“Grey’s Anatomy” isn’t the only place where medicine meets drama. The Bard Hall Players, a theater group run by the P&S Club of Columbia’s College of Physicians and Surgeons, brings together thespians from the Columbia University Medical Center to produce three shows per year.
This Thursday, the Bard Hall Players will present their fall musical, “My Favorite Year.”
“The set looks beautiful, the lights look great, so it’s well worth the trip from Morningside for the people who are down there to come see the show,” director and fourth-year M.D./Ph.D. student Shobhit Singla said.
Based on the 1982 film of the same name, the musical takes the audience back to the 1950s, when young sketch writer Benjy Stone learns that the star he’s idolized for his entire life is going to be a guest star on his television show. But when the actor arrives on set, reality sets in. Benjy must corral the washed-up, drunken Alan Swann and keep him presentable for TV.
“It’s about the realization that stars are human and all the funny things that happen on the set,” technical director and second-year medical student Alison Levy said. “It’s a really funny show, but there are also some real life lessons to be learned about expectations of people you idolize.”
The Players themselves have a history of subverting expectations. Established in 1967, the Players includes students and staff from the medical, nursing, dental, and public health schools, and the occupational therapy, physical therapy, and human nutrition programs.
The cast of “My Favorite Year” breaks the medical student mold, with some of its members hailing from undergraduate backgrounds and even conservatory programs in theater from the NYU Tisch School of the Arts and the Boston Conservatory.
For Levy, theater was “a big part” of her undergraduate life at the University of Pennsylvania.
After graduating from Penn, Levy worked for a few years and completed a pre-medical post-baccalaureate program. But Levy said her post-graduate hiatus from theater left her feeling empty.
“One of the big reasons I was attracted to Columbia for med school was because of the focus on extracurriculars here,” she said. “They make it such a priority that you shouldn’t just be doing medicine all the time. It makes it really hard to relate to your patients if you don’t know what life outside the hospital is like.”
This emphasis on life outside the lab also attracted Singla to Columbia.
“It actually factored into my decision to come here, and it factors, actually, in a lot of people’s decisions to come here,” he said. “It’s such a unique thing and gives you something to do outside of medicine. Having these outside interests is so important to being a good physician.”
The Players agree that theater will prove to be relevant to their future careers.
“I think one of the most important things that everyone learns from theater is how to work as a team and how to deal with personalities that are different from yours,” Levy said.

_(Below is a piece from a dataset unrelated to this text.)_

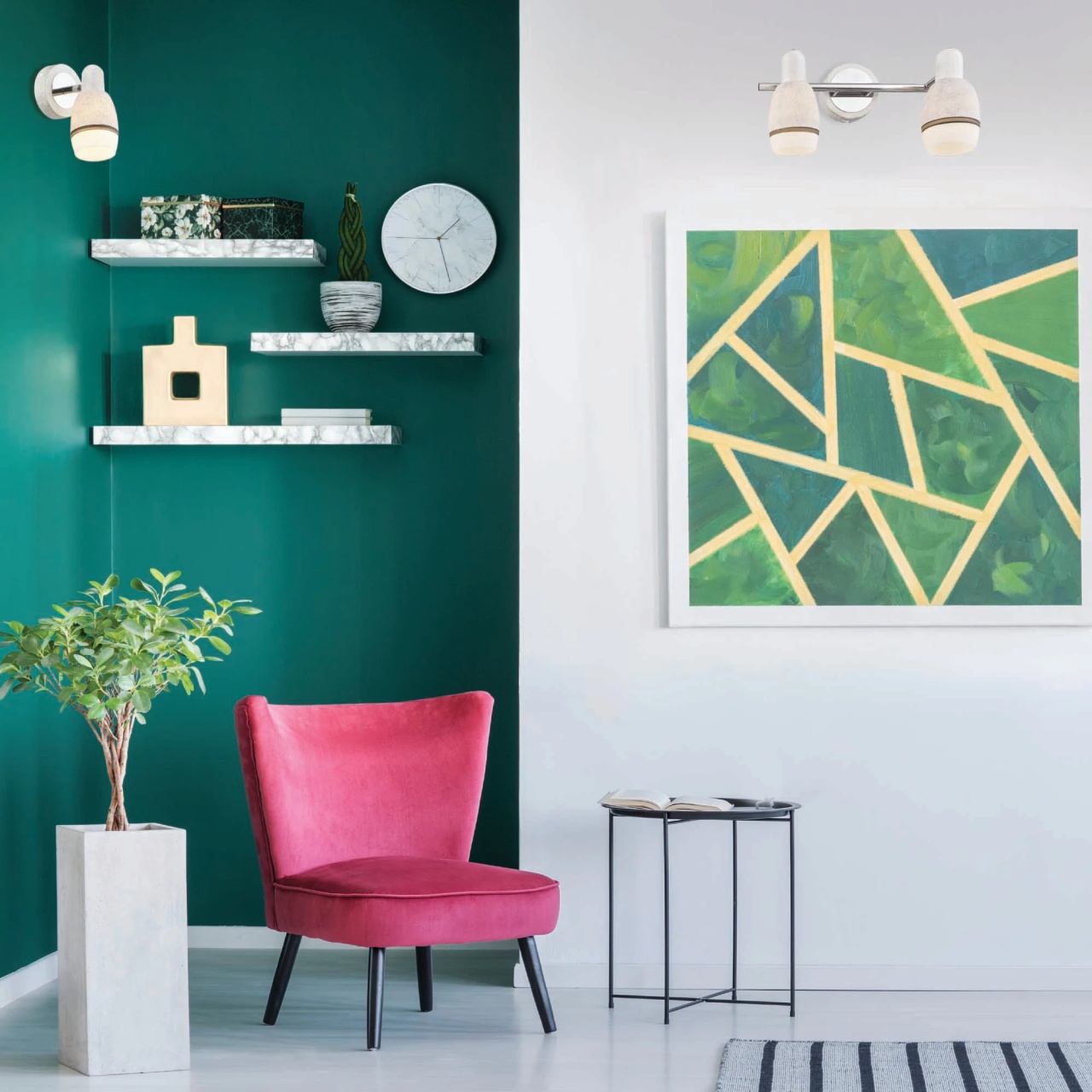 Aplica Marmo LY-1044, 2xE14, alb marmorat, design modern, IP20 - imagine 2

Theater not only develops collaborative skills, but it also connects with the “human aspect” of being a physician, according to Singla. “You have to be able to relate to patients in a certain way, be able to talk to them, be able to think on your feet, and I think doing theater helps you do all of that.”
As for the more immediate future, theater also relieves school-related stress, the Players say.
“It’s such a great support group,” Levy said. “Things can get to you, but if you have this group of people who share this interest, it’s so great that you can have people to talk to in the class above you and in the class below you. We end up mentoring each other through the process.”
But putting on a show while being a student also poses its challenges.
“Considering the sheer enormity of the BHP time commitment, the question of balance is a tough one,” second-year medical student David Chapel wrote in an email. Chapel plays Alan Swann, works as the show’s producer, and serves as the Players’ co-president along with Levy, and second-year medical students Jennifer Russo and Kevin Hu.
“We could all devote our lives exclusively to medicine, and seemingly endless work would still remain to be done,” he wrote. “So the question for me becomes, ‘How can I devote my professional career to healthcare without also neglecting my personal life and my own well-being?’ BHP is, for me, a token of the personal balance I will have to create in order to maintain that well-being, which I ultimately feel is essential for professional reliability and sustainability.”
Performances are Nov. 1-3 at 8 p.m. each night, with a 2 p.m. matinee on Saturday in Alumni Auditorium. Tickets are $10 at the door (cash and check accepted). Tickets are not available at the TIC.
Correction: An earlier version of this article did not include Kevin Hu as one of the four co-presidents of the Bard Hall Players. Spectator regrets the error.